The South Carolina Employees Investment Commission has approved $200m for new real estate commitments, half of which will be invested in the Torchlight Investors Debt Opportunity Fund V.
Torchlight will invest 35% of funds in securitised debt, 20% each in stapled mezzanine, distressed senior mortgages and mezzanine loans/B-notes and 5% in preferred equity, according to a report in IP Real Estate.
The fund has a targeted 13-15% net IRR, with a planned $1bn total equity raise and the manager will co-invest either 1% of committed capital or $10m.
Torchlight’s 20-year investment history in commercial real estate debt was one of the reasons behind the selection, according to the US pension fund, which allocated the other $100m to the Crow Holdings Realty Partners VII fund, a value-add real estate fund.
Dallas-based Crow is seeking $1.5bn for Partners VII, 50% more larger than its Fund VI, and will co-invest $100m, targeting an 11% net IRR in primary and secondary Sun-Belt markets.
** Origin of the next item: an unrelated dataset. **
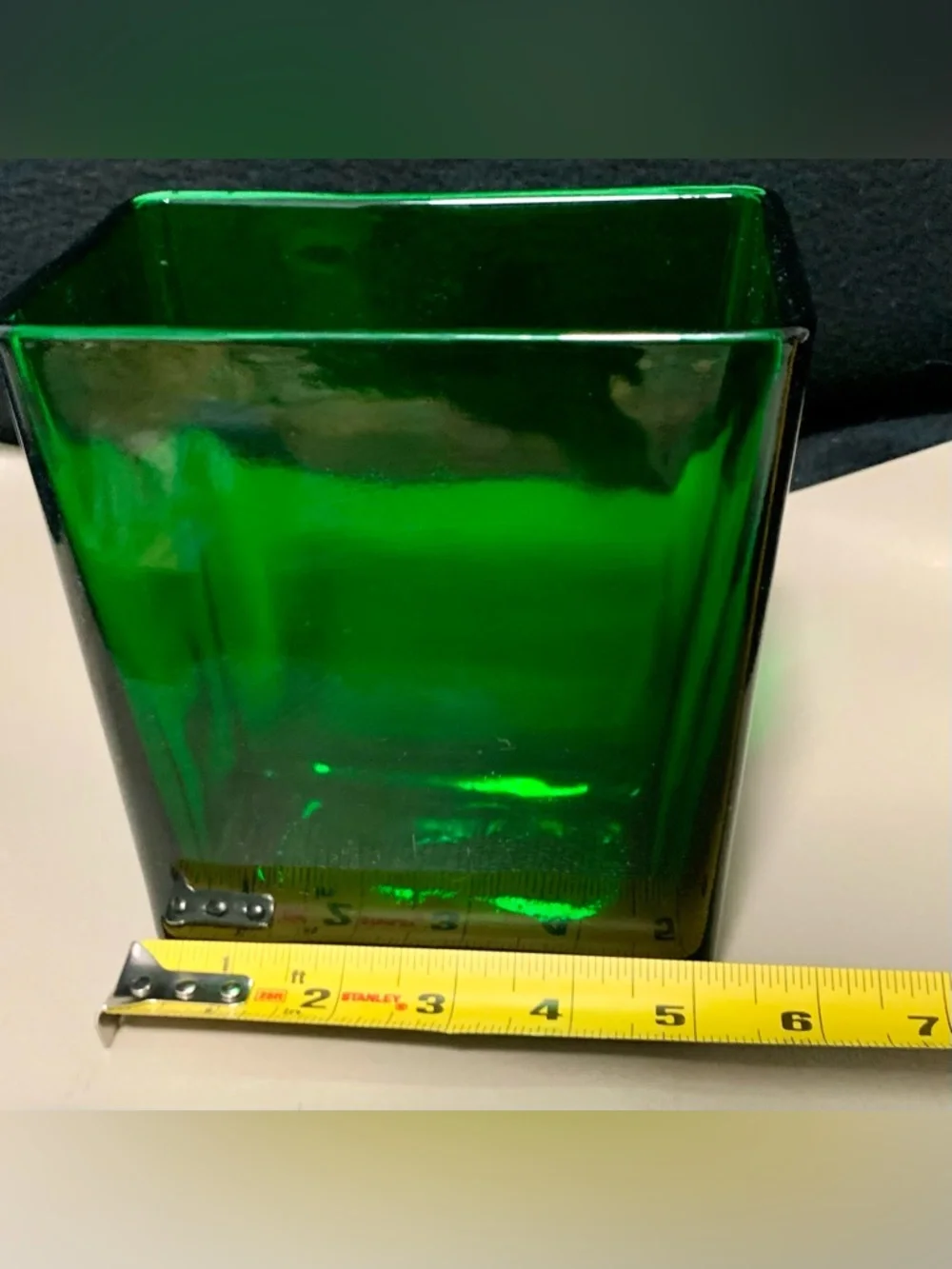 🔍 Vintage Napco Emerald Green Glass Vase / Planter #1168 | Mid-Century Modern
Crow is targeting cash-flow investments — apartments, shopping centres, industrial and convenience stores/gas stations — for 70% of the portfolio. The remainder will be made up of more value-orientated transactions, including office buildings and hotels.
The pension fund said the investments complement its other other value-add real estate managers, including Brookfield, Greystar Real Estate Partners and TA Associates Realty.